Then he thrust home.
He filled her. Then he thrust that last inch until she felt him high, near her heart. Then, slow and controlled, he withdrew and slowly fil
led her, inch by inch, once more.
Then he repeated the sensual torture, one that had her gasping, too soon softly moaning. Tightening about him, locking her legs about his hips, she tried to urge him on, but he kept to his slow, deliberate rhythm, one that unraveled her senses, that sent waves of dark, illicit delight coursing through her, that steadily, inexorably, yet unhurriedly built the familiar blaze within them, but held the conflagration back.
He didn’t kiss her; they were both more or less fully clothed. Yet they stood pressed against his library door, intimately joined, and there was nothing to distract her from the sheer, unadulterated physicality of the moment, not just the powerful need that drove them both but the reality of him inside her, of the heavy weight of his erection sliding into her sheath, of her body so eagerly welcoming him in.
Of his taking her, filling her, possessing her.
She came apart on a breathless cry, glory imploding, pleasure enveloping her, swamping her, coursing down her veins, releasing her.
Jack covered her lips in the instant she crested the peak; he drank her cry, rode out the waves of her pleasure, then his body, held too long in check, slipped its leash. He surged powerfully into her, one, twice, three times, then with a groan muffled between their lips, joined her.
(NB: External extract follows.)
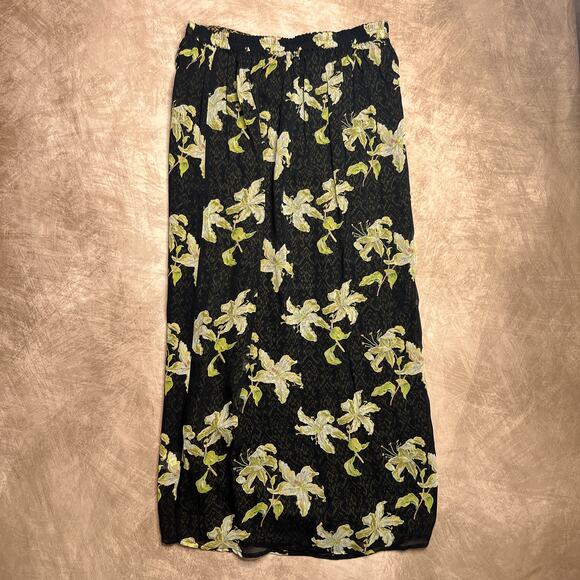 Vintage 90s Geometric Floral Print Reversible Faux Wrap Maxi Skirt Mesh Fairy - Picture 6 of 8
Felt his seed release deep within her, felt in the deepest depths of his soul that he was home.
“I’ll meet you at the folly tonight.”
They’d rested for half an hour, even managed decorously to consume a pot of tea and a plate of cakes; Jack hadn’t been keen to see her walk out of his door, not so soon after they’d both been reduced to staggering.
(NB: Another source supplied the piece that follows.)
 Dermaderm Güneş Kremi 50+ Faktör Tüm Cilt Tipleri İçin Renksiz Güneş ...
But, as usual, she’d recovered well. He’d accompanied her to the front door; they now stood side by side on his front step.
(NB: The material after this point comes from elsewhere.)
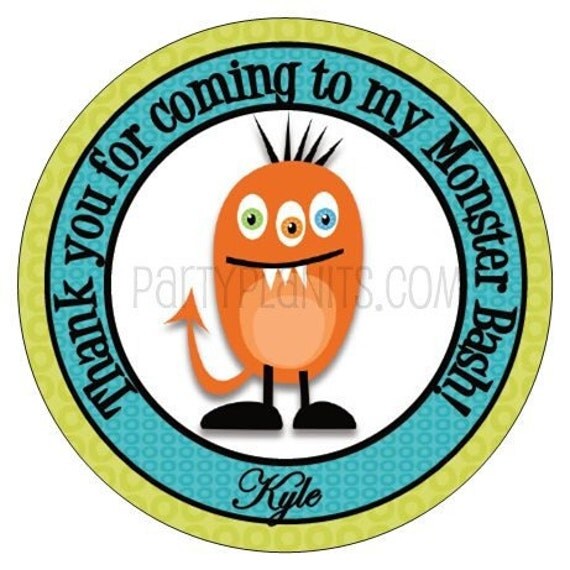 Set of 24 Small Round Monster Birthday Party Stickers Favor Tags Il_570xn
At his words, she cast him one of her direct, faintly reproving glances. “You’re getting greedy.”
He held her gaze, without a blink replied, “And you aren’t?”
She humphed and looked ahead. After a moment, she conceded, “Very well.” She stepped down to the gravel and started off down the drive. “But I might be late.”
She didn’t look back but waved a hand in farewell.
Jack grinned, and savored the view, along with the knowledge that she’d be at the folly not a minute later than usual. After that interlude in the library, he’d wager his life on it.
The dip in the drive hid her from his sight; turning, he went into the house, grin fading as he realized just how true his previous thought was. With her, it was his life he was gambling with.
He paused in the hall, instinctively searching for ways to tip the odds in his favor; this wasn’t a game in which he had any intention of throwing in his hand. That being so, knowledge, as always, would be his best weapon.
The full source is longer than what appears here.